Work has been maddening lately. Major deadlines are coming up the next two weeks, one of them having me in DC for a couple days. So how does one deal with all this stress? Head to the mountains and ski! Yep, I went up to Waterville early this morning, hoping my absence to go unnoticed. I'll be working more than enough hours this week to make up the few I missed anyway.
The valley has gotten something like 30" of new snow in the last several days. I feared that since it took until today to finish grooming, I might encounter soft conditions. On top of that, it was wicked cold, in the single digits when I got there. This is the end of February folks. We supposed to be skiing on sugar granular in T-shirts by now. No such luck this morning. Conditions were painfully slow. The grooming was perfect, but poles would punch through in many places due to softness underneath a top layer that set up.
I had limited time. I planned to ski no more than two hours, so I could go out quite a bit harder than usual. I opted to head directly to the north end via the golf course and hit Beanbender first. Who needs a warm-up! The snow was noisy. It squealed under my skis like a kid peeling out in a '68 Camaro. I had to endure this racket the whole time I skied. Very demoralizing. I barely survived climbing Beanbender, slowing to less than 3mph on the steepest part. The descent down Snows was only slightly faster. The redeeming quality skiing this stuff this morning was zero wind, cobalt blue skies, and no people. It was still good to be out.

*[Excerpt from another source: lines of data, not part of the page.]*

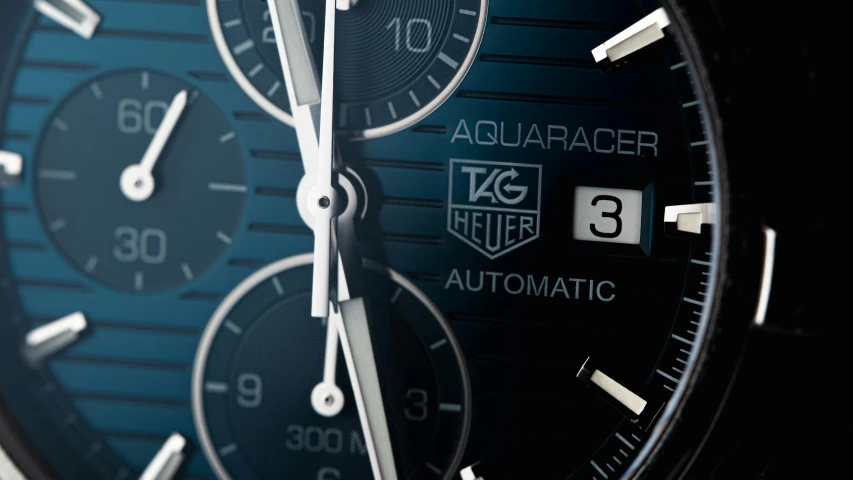a close up s of an aqua blue watch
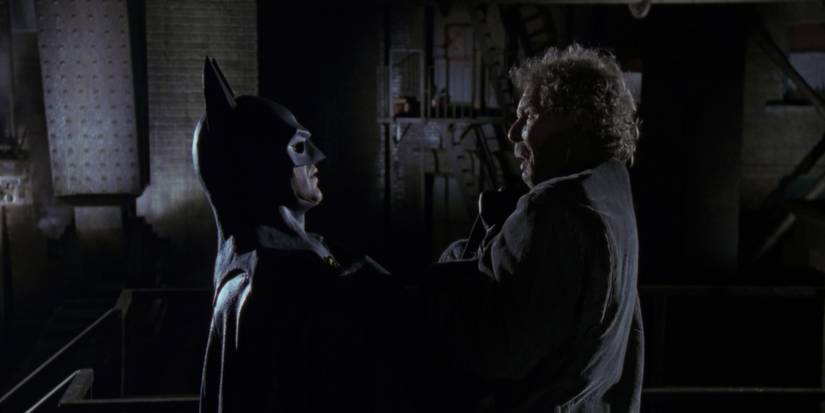 batman holding up a criminal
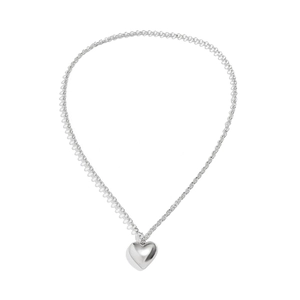 Detail of silver heart pendant necklace with polished mirror finish and velvet chain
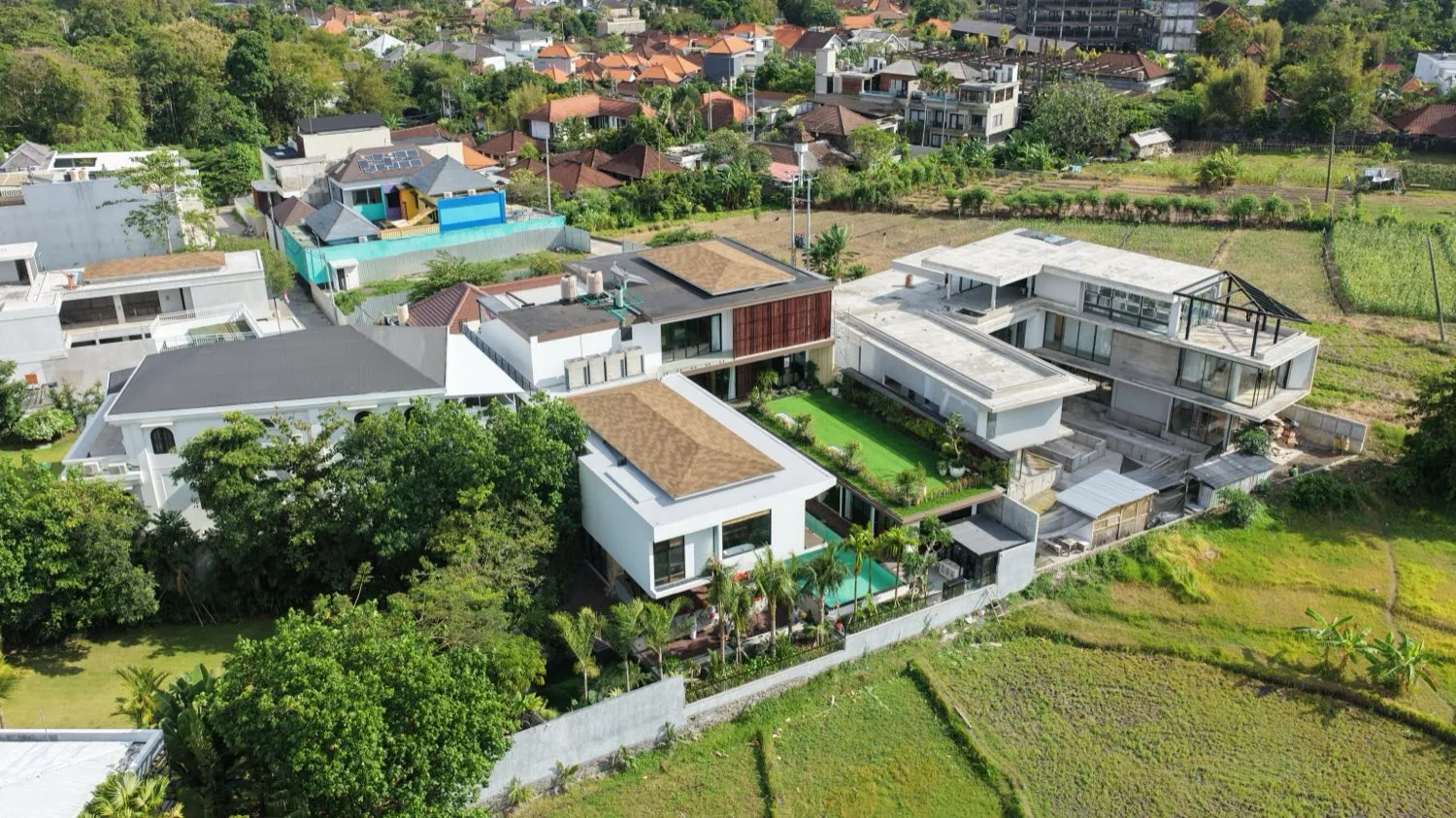 Aerial view of Villa Natsu surrounded by trees and rice fields.
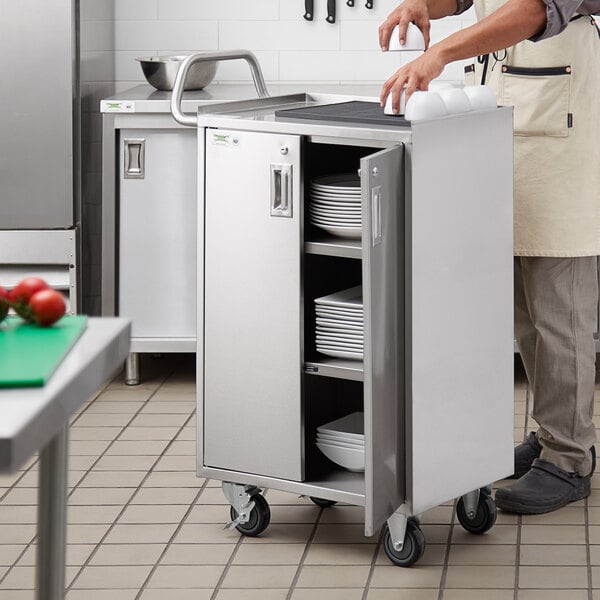 A man putting plates on a Regency stainless steel utility cart with enclosed shelves.
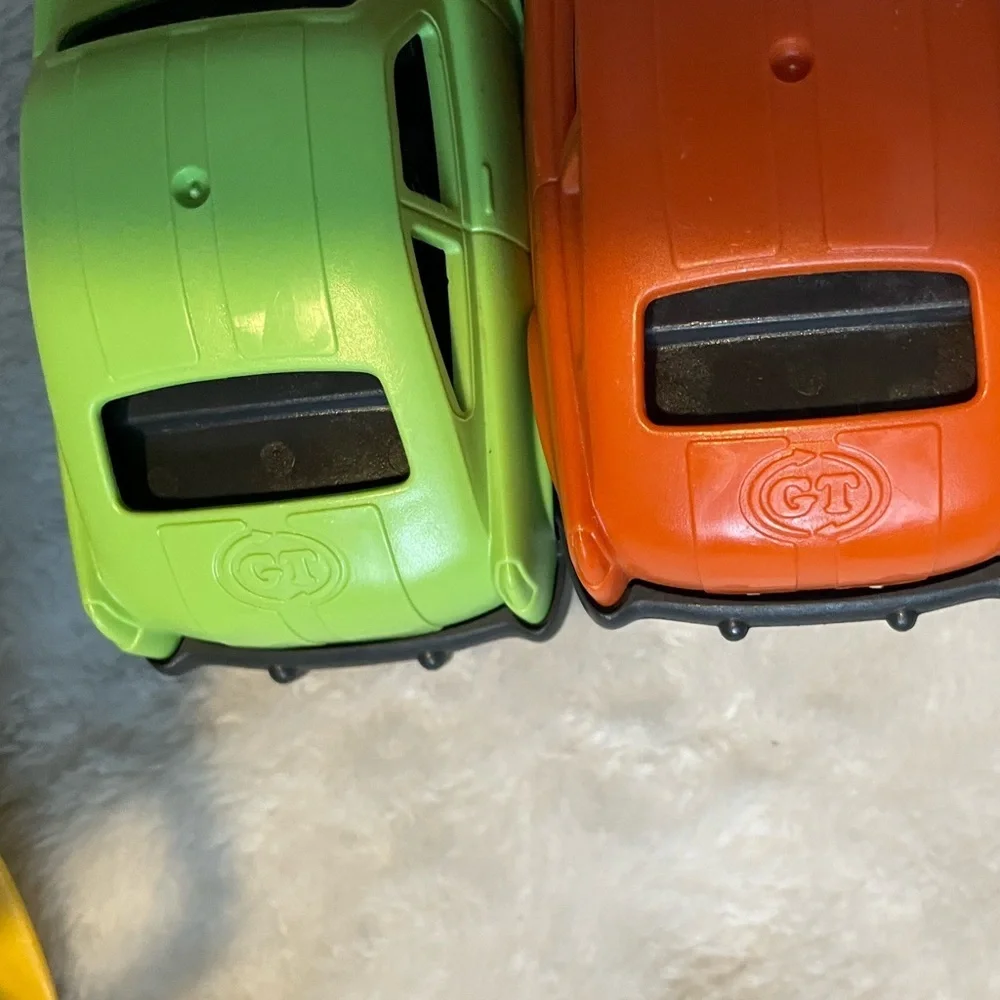 Bundle of Green Toys Firetruck, Car Loader, and Cement Truck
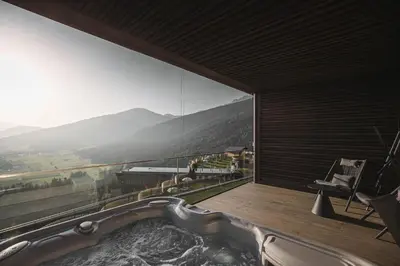 a house on top of a mountain with a view at Hotel Hubertus in Valdaora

I try to ski a different route each time at WV. After cresting Snows, I descended all the way to the bottom of Snows, turned around, then climbed back up Snows to summit of Cascade Brook Trail. The descent down Cascade was quite sweet actually, with such slow snow there was no need to scrub off speed.
For my third and final hillclimb interval, I went over to Tripoli. Now this bugger must have been groomed just once since the last snow dump, and it was wicked easy to punch skis through the surface. It was mushier than a fresh cow pie. The harder I worked at it, the slower I actually went. I pretty much had to soft pedal this baby all the way up. I wrapped up by taking Swans back. So that was 600, 700 and 800 footers for the major climbs, the last one taking about 26 minutes. Three climbs perfectly sized for intervals. The workout was good for 31.2km, 2650ft in 2:19hrs.
I had thought about hitting Weston Tuesday night instead of this morning's ski, but after hearing the reports I'm glad I didn't go. A few good skiers crashed out of the race, getting banged up in the process. I would have hopelessly flailed away in those conditions and not gotten the workout I sought. I was pretty trashed after this morning's workout. Trashed in a good way.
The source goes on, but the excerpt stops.